Overnight, I generated a much bigger list of all of the files on my computer, and hashed them. This resulted in a much bigger data set: 1,637,207 files in total (@ 32 bytes per hash, this represents 52,390,624 bytes of data). Here's a table of those entries, ordered by bitspace size:
Type | Table size (kBytes) | # bits (N_{b}) | # buckets (N_{h}) | Collisions (actual) | CTC | Compression Ratio | Bits / Entry |
---|---|---|---|---|---|---|---|
Multiple | 3,407 | 21 | > 12 | 136 | 12,038 | 16.652 | |
Single | 4,194 | 25 | < 11 | 9 | 181,911 | 20.495 | |
Multiple | 6,291 | 22 | < 12 | 0 | 8.33 | 30.742 | |
Single | 8,388 | 26 | < 10 | 0 | 6.25 | 40.990 |
Derived Statistics
If we examine the CTC vs the cost (bits/entry), we come up with another interesting measure. Here I've included both the ones that had collisions and ones in which there were no collisions (indicated by an = sign in the CTC column)

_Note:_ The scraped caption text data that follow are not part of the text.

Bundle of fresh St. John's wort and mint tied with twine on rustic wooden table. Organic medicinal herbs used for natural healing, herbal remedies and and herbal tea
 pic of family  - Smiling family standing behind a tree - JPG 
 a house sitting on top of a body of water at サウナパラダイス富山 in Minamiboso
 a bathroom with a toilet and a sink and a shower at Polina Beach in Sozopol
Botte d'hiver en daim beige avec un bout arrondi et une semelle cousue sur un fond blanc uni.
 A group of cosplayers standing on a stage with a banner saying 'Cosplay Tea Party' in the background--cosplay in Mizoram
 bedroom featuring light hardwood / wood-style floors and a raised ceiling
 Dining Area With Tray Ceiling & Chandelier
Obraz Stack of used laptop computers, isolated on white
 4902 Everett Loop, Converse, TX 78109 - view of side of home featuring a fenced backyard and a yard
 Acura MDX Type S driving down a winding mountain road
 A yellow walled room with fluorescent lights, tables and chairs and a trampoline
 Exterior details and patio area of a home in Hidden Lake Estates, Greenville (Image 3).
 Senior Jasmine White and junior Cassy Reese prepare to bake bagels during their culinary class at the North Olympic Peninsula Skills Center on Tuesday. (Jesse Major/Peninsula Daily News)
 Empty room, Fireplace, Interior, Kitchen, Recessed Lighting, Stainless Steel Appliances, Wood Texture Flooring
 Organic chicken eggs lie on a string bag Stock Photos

Type | CTC | Bits/Entry | Capacity (2^{Bits/Entry}) | Occupancy (CTC / Capacity) |
---|---|---|---|---|
Multiple | 12,038 | 16.652 | 102,980 | 11.690% |
Multiple | 74,374 | 19.738 | 874,440 | 8.505% |
Single | 123,958 | 22.557 | 6,170,688 | 2.009% |
Single | 181,911 | 20.495 | 1,477,780 | 12.310% |
Multiple | =371,874 | 36.656 | 1.0828e+11 | 0.000343% |
Single | =371,874 | 45.115 | 3.8104e+13 | 0.000000975% |
Multiple | =1,637,207 | 30.742 | 1.7958e+09 | 0.0912% |
Single | =1,637,207 | 40.990 | 2.1838e+12 | 0.000075% |
This leads to an interesting research topic; on unsorted input, when does the first collision happen given arbitrary bit sizes? So, I modified my Bloom filter program to reset the filter tables every time there was a collision, and report the number of entries processed thus far. Here are the results (MCTC is the Mean Count To Collison, Bits/Entry represents the number of bits required to represent the values up to MCTC):
Type | Table size (bytes) | N_{b} | Collisions | MCTC | Bits/Entry | Occupancy (MCTC/2^{Bits/Entry}) |
---|---|---|---|---|---|---|
Single | 8k | 16 | 366 | 4,467 | 14.67 | 17.136% |
Single | 16k | 17 | 193 | 8,479 | 15.46 | 18.811% |
Single | 32k | 18 | 102 | 15,935 | 16.45 | 17.800% |
Single | 64k | 19 | 55 | 29,294 | 17.90 | 11.977% |
Single | 128k | 20 | 29 | 54,463 | 19.25 | 8.735% |
Multiple | 128k | 16 | 29 | 56,003 | 18.72 | 12.970% |
Multiple | 240k | 17 | 17 | 94,859 | 20.73 | 5.454% |
Single | 256k | 21 | 16 | 99,953 | 20.98 | 4.833% |
Multiple | 448k | 18 | 9 | 177,258 | 20.70 | 10.406% |
Single | 512k | 22 | 8 | 184,202 | 22.77 | 2.575% |
Multiple | 832k | 19 | 5 | 307,005 | 22.20 | 6.372% |
Single | 1M | 23 | 4 | 338,065 | 24.81 | 1.149% |
Multiple | 1.625M | 20 | 3 | 508,151 | 26.82 | 0.429% |
Single | 2M | 24 | 2 | 637,194 | 26.33 | 0.755% |
Multiple | 3M | 21 | 1 | 940,794 | 26.75 | 0.834% |
Single | 4M | 25 | 1 | 1,167,320 | 28.74 | 0.260% |
This is an amazing compression factor, when you think about it — we've taken a 256 bit entry (the sha256 hash) and used 16-25 bits to represent it (compression factors between 10 to 16 times)!
Tradeoffs
As we've seen above, there are a number of adjustments that we can make to the Bloom filter to trade off between the size of the bitspace required versus the probability of a false positive.
You can never cause the probability to go to zero, but you can get arbitrarily close. For example, assuming that you use the entire sha256 as your index, you can cause your probability of a collision to map directly to the sha256 probability of a collision — that is, 2^{-256}. But who has that much storage? [Spoiler: Not Google, not even the NSA]
Conclusion
Using a sha256 as the basis for the input to a Bloom filter is an excellent way to both compute multiple virtual hash functions and to diffuse values within the Bloom bitspace. Using single-Bloom versus multiple-Bloom filters means that you can tailor the amount of memory required.